Dead or Alive 2: Tôbôsha (2000) - One of Takashi Miike's most realistic, nostalgic and appeasing movies - 7/10 (18/06/17)
Just like Rainy Dog, the second instalment in Takashi Miike's Black Society trilogy, the second part of Dead or Alive is the most introspective part of the trilogy. It's essentially a drama carried by two superb lead actors with Sho Aikawa and Riki Takeuchi who develop great chemistry on screen, elaborates on the characters' identities in a harmonious and nostalgic vibe and features exotic natural landscapes on a remote island that contrast the big city life and define the smooth atmosphere of this movie. The movie is surprisingly relaxing for a Takashi Miike film without getting completely rid of the filmmaker's quirky trademark scenes. The brief moments of violence and sexual innuendo are probably even more efficient because they are quite short and concise this time.
Dead or Alive 2: Birds opens and closes with Takashi Miike's excessive action sequences but the main part of this film focuses on the character development of two contract killers who realize they have grown up together and been childhood friends and who decide to work as a team for a good cause in order to rid the world of pitiless criminals and donate their money to buy vaccines for children in developing countries. Aside of the facts that both movies focus on Japanese crime syndicates and its associates and that both movies feature the same main actors, this film is completely different from the first movie in terms of atmosphere, characters and story. Aside of a few experiments with flashbacks and some minor religious symbolism, this is also one of Takashi Miike's most realistic movies.

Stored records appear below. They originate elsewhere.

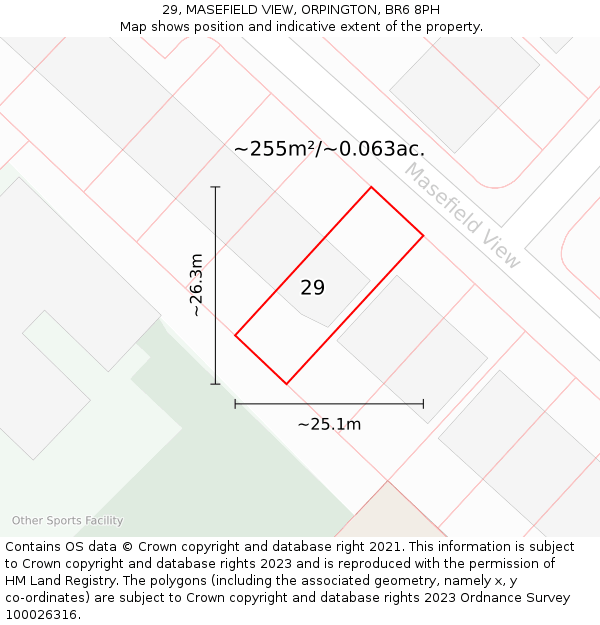 29, MASEFIELD VIEW, ORPINGTON, BR6 8PH: Plot and title map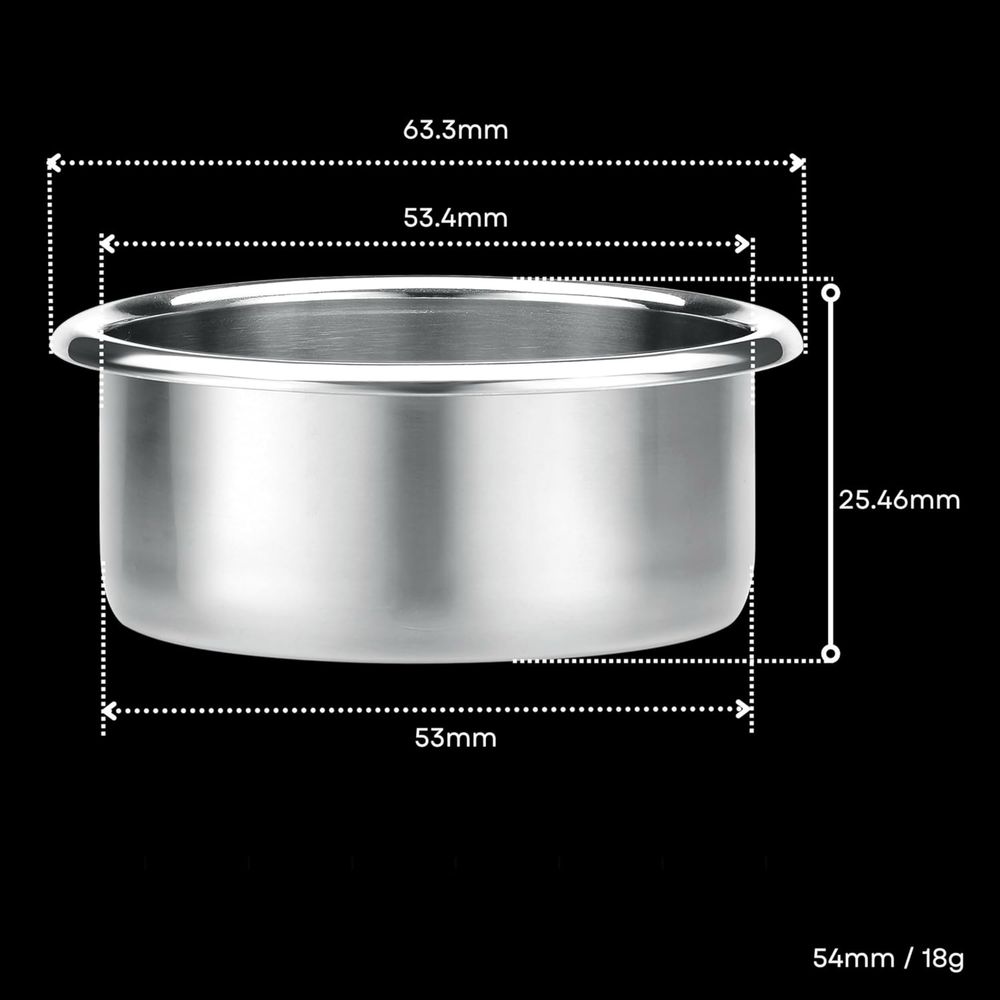 Kosz na portafiltr Normcore 54 mm, 18 g, stal 304, grubość 0,8 mm
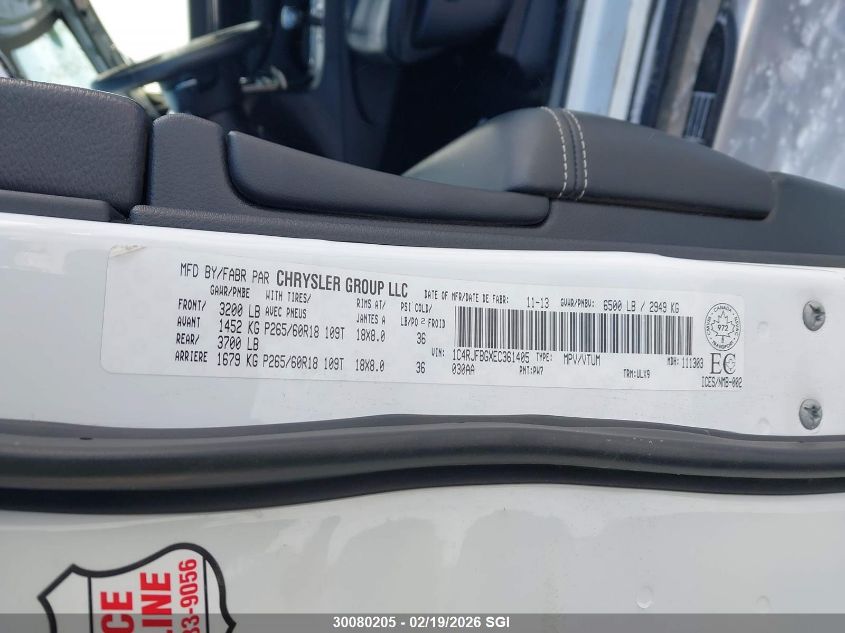 2014 Jeep Grand Cherokee Limited VIN: 1C4RJFBGXEC361405 Lot: 30080205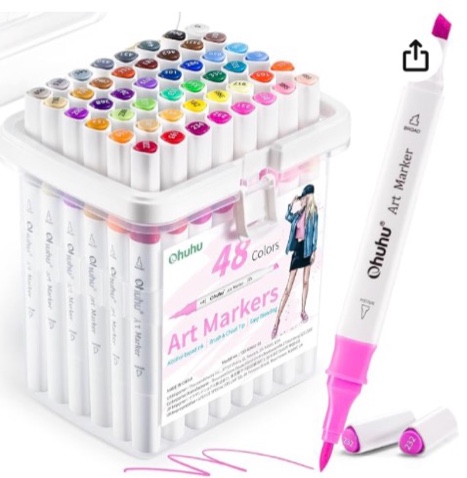 ohuhu markers: 48-color double tipped brush & chisel alcohol markers for adults coloring illustration, alcohol-based art marker set with unique designed grip, great value pack for beginners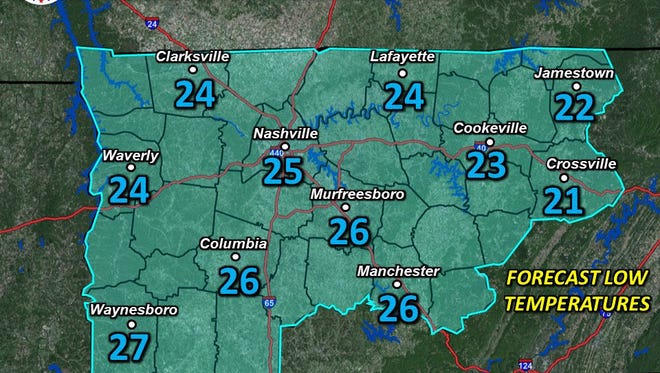 A hard freeze warning is in effect from late tonight through Saturday morning.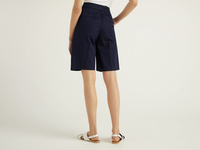 Benetton,  Bermuda Mit Abnähern,  taglia 42,  Dunkelblau,  Damen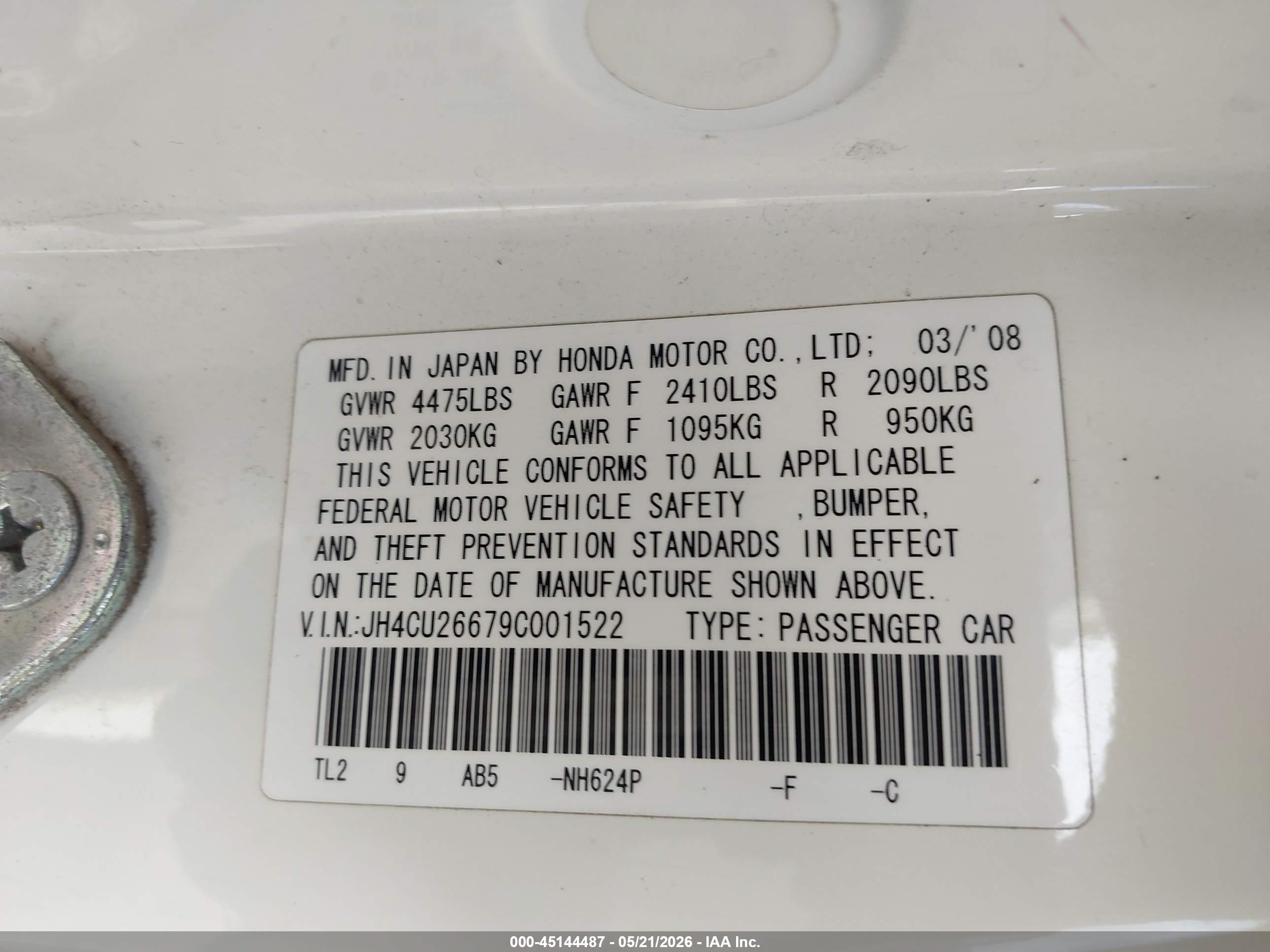 2009 Acura Tsx   White vin: JH4CU26679C001522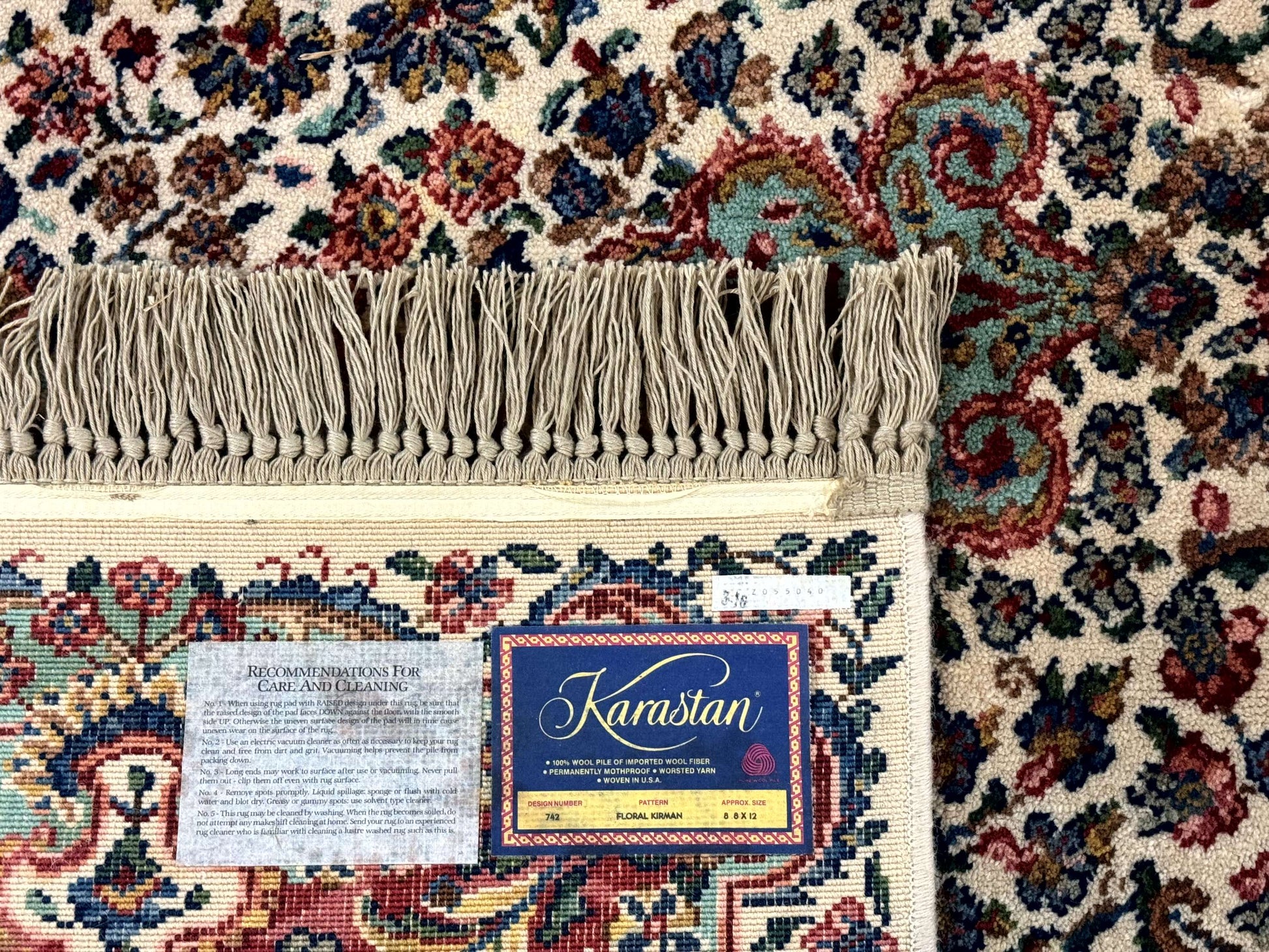 Karastan Rug #742 Floral Kirman 8.8 x 12, Wool Pile, Vintage Original Series, Rare - Nuvé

It's possible to dismiss the quirky first part and adore the more mature second part but it wouldn't be surprising to dislike the first movie for its exaggeration and the second one for its realism. Personally, I appreciate both movies for what they are but have a preference for the first part because I thought it was addicting from start to finish while the second instalment had a few minor length in the middle section. Takashi Miike fans should watch and purchase all three parts of the excellent Dead or Alive trilogy anyway.« Dead or Alive: Hanzaisha (1999) - Another unique gangster movie from Takashi Miike's V-cinema years - 8/10 (18/06/17)Dead or Alive: Final (2002) - Takashi Miike's science-fiction opera - 8/10 (18/06/17) »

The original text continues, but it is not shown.